Family blood stains the pages of Meyers’ crisp and appealing melodrama in
which two girls confront a devastating act of violence that shapes much of their lives. Brooklyn
in 1971, and the shadows of Coney Island prove to be fertile background for a series of battles that are both the heartbeat and heartbreak of the Zachariah household. Even as ten-year-old Lulu dreams of deliverance from her “so-called family,” she watches helplessly as her mother Celeste is stabbed by Joey, her drunken and violent father.
As Celeste lies on the floor, her blood dripping on the green and brown linoleum in the stark kitchen light, Teenie, the neighbor from downstairs, holds the edge of her white cotton apron over the place on her chest where the blood pumps out the fastest. Meanwhile, Lulu’s younger sister Merry lies on her bed, her cute green sun-suit slashed down the middle, and Joey beside Merry, blood slowly leaking from his wrists.

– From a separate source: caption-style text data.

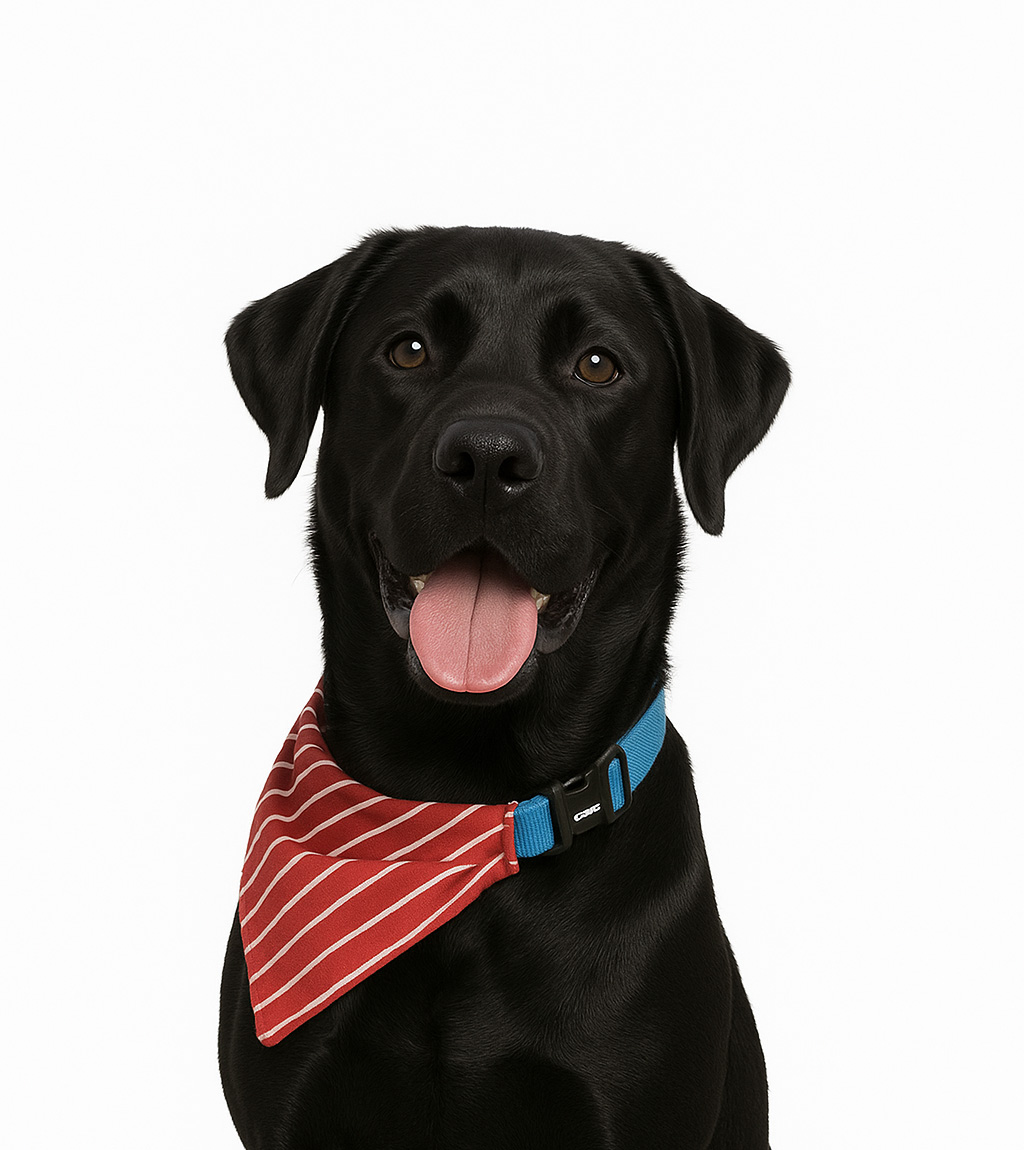 Murphy (Our Murph) Rafferty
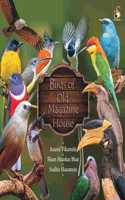 Birds of Old Magazine House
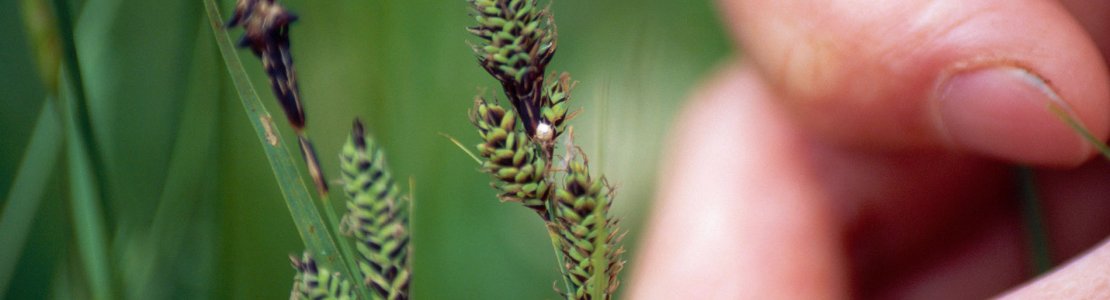 Pratiquer la botanique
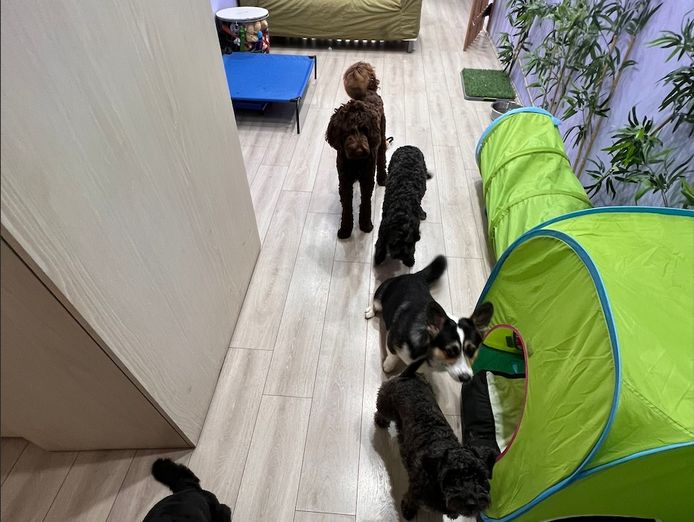 dog-grooming-4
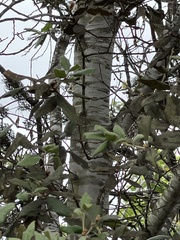Quercus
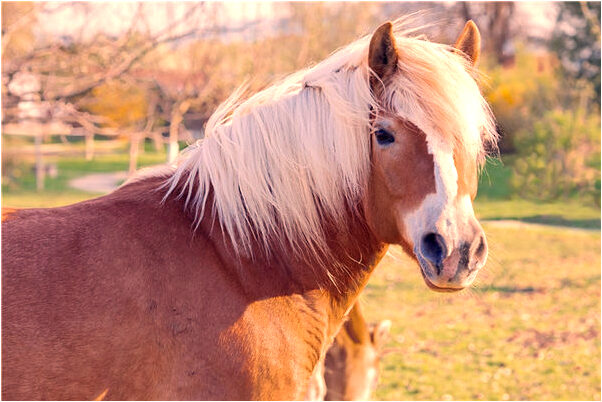 夢到收拾樓房後空地要種菜是好事還是壞事_周公解夢官網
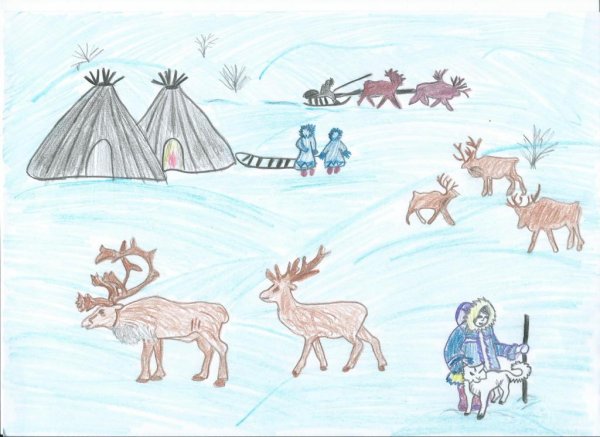 Лёгкие рисунки тундры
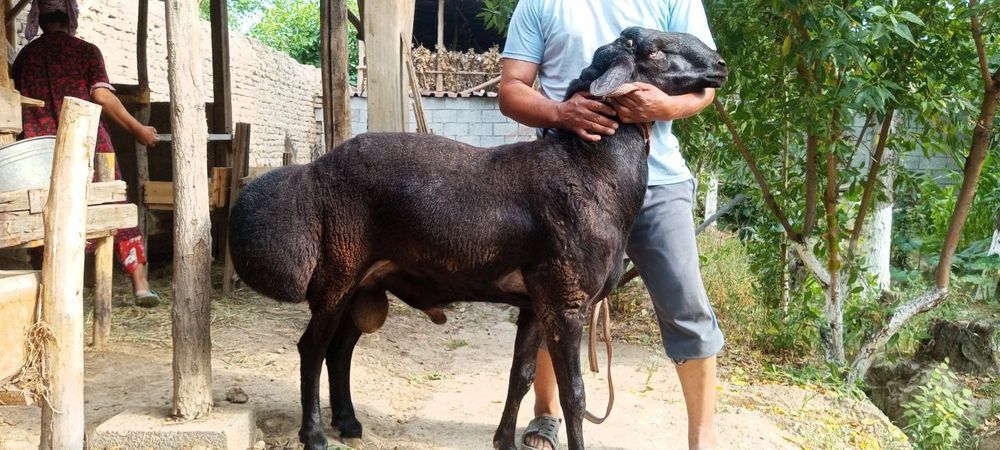 Qassob serviz hallol va sifatli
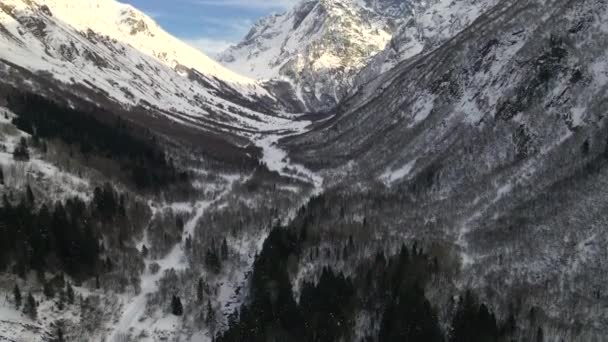 Majestätische Schneebedeckte Berge Und Wälder Ort Dombay Russland — Stockvideo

Joey is eventually incarcerated for murder, sorry for the crime yet still capable of sending angst-ridden and desperate letters to his daughters, fanatically begging for forgiveness. From the moment Merry lies bandaged up in hospital, Lulu is forced to explain her sister that she wasn’t a bad girl, “that Daddy was drunk.” Yet Lulu blames herself for the tragedy. Maybe if she hadn’t let her father into the house in the first place, she could have stopped him from hurting Merry and killing her Mama.
From here the author catapults her heroines down through the decades in an emotional cat-and-mouse game as both are perpetually forced to mourn the loss of their mother. The past is a trap, and both woman are prisoners of their parents’ long-ended war. Besides her physical and emotional scars, Merry surprisingly binds to her father in both heart and spirit, visiting him in prison and clamoring to discover why he hurt her, the booze making him dead drunk mixed with stupid: “I couldn’t do it, I started to but I couldn’t, it didn’t go very deep.”
Meyers sensitively builds her narrative in layers, showing the ramifications of childhood trauma from within and without. Her prose is practiced and mesmerizing as she charts her protagonists' course through the stormy ocean of loyalty and love along with a remaking of the soul. Lulu and Merry enter a home for wayward girls, then as teenagers are sent to live with a kindly foster family. Later,
lonely, disconsolate Lulu studies medicine in Boston; Merry finds employment as a parole officer, juggling her incessant drinking and her one-night stands as they steadily take their toll on her psyche.
Ensnared in a prison of bad memories, the sisters spend much of their adult lives exchanging furtive glances, the secrets known and secrets buried constantly flashing between them. When innocent, guilty, and the powerful forces of recrimination converge, the very essence of Lulu and Merry’s fragile relationship is tested.
Wrapped together in “a wine-rendered love-hate,” Lulu and Merry are fine examples of the power of sisterhood. It
is the author’s humane and contemporary touch that brings so much depth to this novel, an affecting exploration of relationships framed around the powers of forgiveness and the evolving bonds of family love.